- Coordinates: 6°12′S 106°48′E﻿ / ﻿6.200°S 106.800°E
- Country: Indonesia
- Province: DKI Jakarta
- Administrative city: Central Jakarta
- District: Tanah Abang

Area
- • Total: 0.90 km^{2} (0.35 sq mi)

Population (2019)
- • Total: 32,946
- • Density: 36,606/km^{2} (94,810/sq mi)
- Postal code: 10260

= Petamburan, Tanah Abang =

Petamburan is an administrative village in the Tanah Abang district of Indonesia. It has postal code of 10260. The area is 0.90 km^{2}. The population is 32,946 as of 2019. There are 16,900 males and 16,046 females.

== Origin ==
There are two theories behind this name. One suggests that every European who died, the locals would play the drums.
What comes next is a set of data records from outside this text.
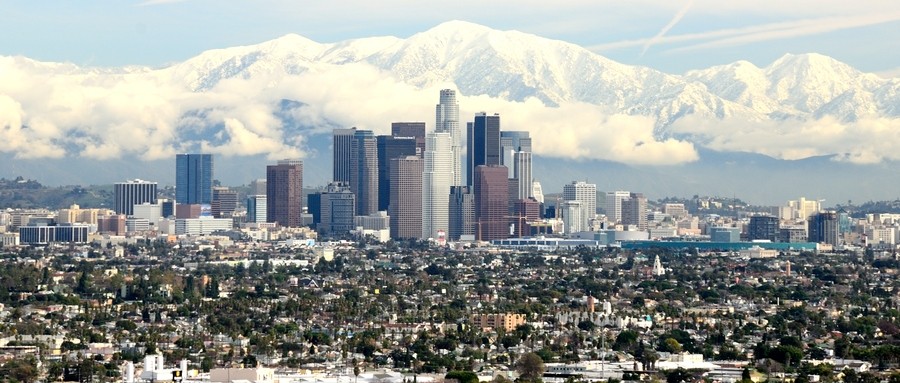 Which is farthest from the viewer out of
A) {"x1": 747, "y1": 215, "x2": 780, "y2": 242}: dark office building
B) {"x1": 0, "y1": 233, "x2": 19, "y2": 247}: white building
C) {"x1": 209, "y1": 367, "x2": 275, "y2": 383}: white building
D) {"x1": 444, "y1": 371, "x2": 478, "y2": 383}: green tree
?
{"x1": 747, "y1": 215, "x2": 780, "y2": 242}: dark office building

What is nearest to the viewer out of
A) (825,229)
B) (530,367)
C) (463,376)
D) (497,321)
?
(463,376)

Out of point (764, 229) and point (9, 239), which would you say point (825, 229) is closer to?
point (764, 229)

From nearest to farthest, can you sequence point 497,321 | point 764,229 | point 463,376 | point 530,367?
point 463,376, point 530,367, point 497,321, point 764,229

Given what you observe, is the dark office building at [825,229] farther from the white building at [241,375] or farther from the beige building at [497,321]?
the white building at [241,375]

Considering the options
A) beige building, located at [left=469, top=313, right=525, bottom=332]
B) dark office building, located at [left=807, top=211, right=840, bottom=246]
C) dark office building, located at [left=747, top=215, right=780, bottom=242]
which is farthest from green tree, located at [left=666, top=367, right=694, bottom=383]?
dark office building, located at [left=747, top=215, right=780, bottom=242]

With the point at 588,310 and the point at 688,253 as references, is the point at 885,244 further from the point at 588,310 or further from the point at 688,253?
the point at 588,310

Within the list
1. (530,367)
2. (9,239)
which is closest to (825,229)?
(9,239)

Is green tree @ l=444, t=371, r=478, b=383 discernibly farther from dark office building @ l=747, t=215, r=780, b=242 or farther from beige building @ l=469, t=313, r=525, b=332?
dark office building @ l=747, t=215, r=780, b=242

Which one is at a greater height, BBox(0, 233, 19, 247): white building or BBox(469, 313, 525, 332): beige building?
BBox(0, 233, 19, 247): white building

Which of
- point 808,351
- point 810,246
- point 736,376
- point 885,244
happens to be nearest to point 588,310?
point 808,351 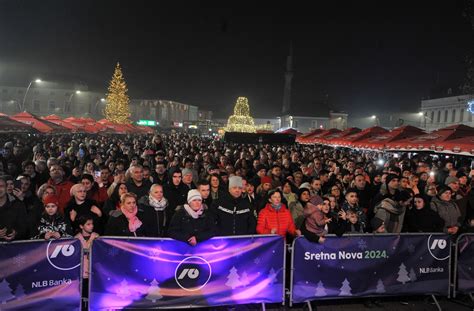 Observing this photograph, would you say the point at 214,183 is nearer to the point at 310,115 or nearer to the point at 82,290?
the point at 82,290

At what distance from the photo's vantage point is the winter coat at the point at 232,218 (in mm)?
6027

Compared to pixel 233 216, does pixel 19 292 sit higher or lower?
lower

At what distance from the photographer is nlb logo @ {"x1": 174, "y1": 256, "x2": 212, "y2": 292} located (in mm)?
5336

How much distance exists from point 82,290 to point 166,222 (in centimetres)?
158

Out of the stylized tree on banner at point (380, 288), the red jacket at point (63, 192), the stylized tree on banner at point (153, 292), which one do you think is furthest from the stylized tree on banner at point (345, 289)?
the red jacket at point (63, 192)

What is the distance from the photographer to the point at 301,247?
5.73 metres

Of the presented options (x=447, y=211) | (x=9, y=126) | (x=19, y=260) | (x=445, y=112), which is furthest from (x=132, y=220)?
(x=445, y=112)

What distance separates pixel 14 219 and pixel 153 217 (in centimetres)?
186

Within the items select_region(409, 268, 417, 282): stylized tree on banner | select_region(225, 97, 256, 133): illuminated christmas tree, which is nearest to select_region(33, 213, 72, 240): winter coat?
select_region(409, 268, 417, 282): stylized tree on banner

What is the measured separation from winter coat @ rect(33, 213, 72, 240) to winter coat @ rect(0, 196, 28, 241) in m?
0.18

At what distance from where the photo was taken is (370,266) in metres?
5.95

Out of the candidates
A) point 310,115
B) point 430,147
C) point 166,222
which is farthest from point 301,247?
point 310,115

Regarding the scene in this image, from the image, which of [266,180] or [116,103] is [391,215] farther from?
[116,103]

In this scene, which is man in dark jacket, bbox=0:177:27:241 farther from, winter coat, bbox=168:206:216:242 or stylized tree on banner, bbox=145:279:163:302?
winter coat, bbox=168:206:216:242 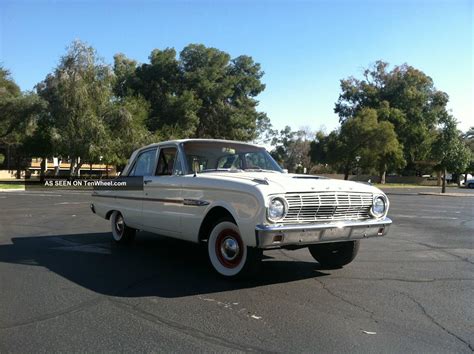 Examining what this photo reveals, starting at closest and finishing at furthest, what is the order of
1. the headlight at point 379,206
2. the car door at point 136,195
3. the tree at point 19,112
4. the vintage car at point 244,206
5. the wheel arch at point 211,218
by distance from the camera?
the vintage car at point 244,206 < the wheel arch at point 211,218 < the headlight at point 379,206 < the car door at point 136,195 < the tree at point 19,112

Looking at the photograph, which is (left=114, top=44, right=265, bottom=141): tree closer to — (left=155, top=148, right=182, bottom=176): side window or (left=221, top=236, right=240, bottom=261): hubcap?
(left=155, top=148, right=182, bottom=176): side window

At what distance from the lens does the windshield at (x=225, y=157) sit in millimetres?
7414

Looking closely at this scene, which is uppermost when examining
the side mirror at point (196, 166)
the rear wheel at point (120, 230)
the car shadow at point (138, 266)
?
the side mirror at point (196, 166)

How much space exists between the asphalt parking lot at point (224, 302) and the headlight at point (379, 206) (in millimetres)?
872

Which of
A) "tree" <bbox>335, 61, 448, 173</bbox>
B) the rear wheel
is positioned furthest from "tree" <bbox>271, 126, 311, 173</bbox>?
the rear wheel

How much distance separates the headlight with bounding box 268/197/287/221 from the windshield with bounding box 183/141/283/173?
1.91 meters

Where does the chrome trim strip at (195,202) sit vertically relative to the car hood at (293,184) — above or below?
below

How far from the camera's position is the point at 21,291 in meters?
5.72

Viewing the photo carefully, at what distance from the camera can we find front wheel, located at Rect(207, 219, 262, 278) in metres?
5.91

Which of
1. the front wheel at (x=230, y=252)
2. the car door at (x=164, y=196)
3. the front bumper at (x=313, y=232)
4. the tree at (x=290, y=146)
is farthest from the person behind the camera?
the tree at (x=290, y=146)

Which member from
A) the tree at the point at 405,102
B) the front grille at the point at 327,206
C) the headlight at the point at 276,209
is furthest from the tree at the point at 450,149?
the headlight at the point at 276,209

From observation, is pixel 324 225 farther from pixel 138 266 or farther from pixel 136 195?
pixel 136 195

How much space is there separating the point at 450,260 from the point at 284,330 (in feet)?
15.6

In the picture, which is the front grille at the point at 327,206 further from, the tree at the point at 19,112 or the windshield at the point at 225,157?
the tree at the point at 19,112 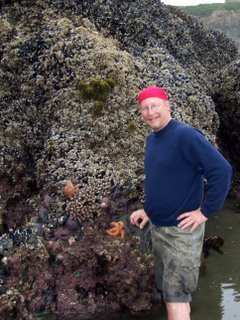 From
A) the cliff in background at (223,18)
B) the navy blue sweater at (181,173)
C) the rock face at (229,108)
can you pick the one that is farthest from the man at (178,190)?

Another suggests that this is where military drums are made, because the army needs it.

== Geography ==
It is located bordered by West Jakarta in the north and west, Kebon in the east, and Bendungan in the south.

== Demographics ==
Due to the location being part of the capital of Indonesia, there are various ethnicities who inhabit this area. This includes Betawi, Javanese, Sundanese, Bantenese, Bataks, Miningkabau, Arabs, and Chinese peoples.

By religion, 83.49% are Muslims, 16.00% are Christians (13.00% Protestants and 3.00% Catholics), 0.30% are Hindus, and 0.20% are Buddhists.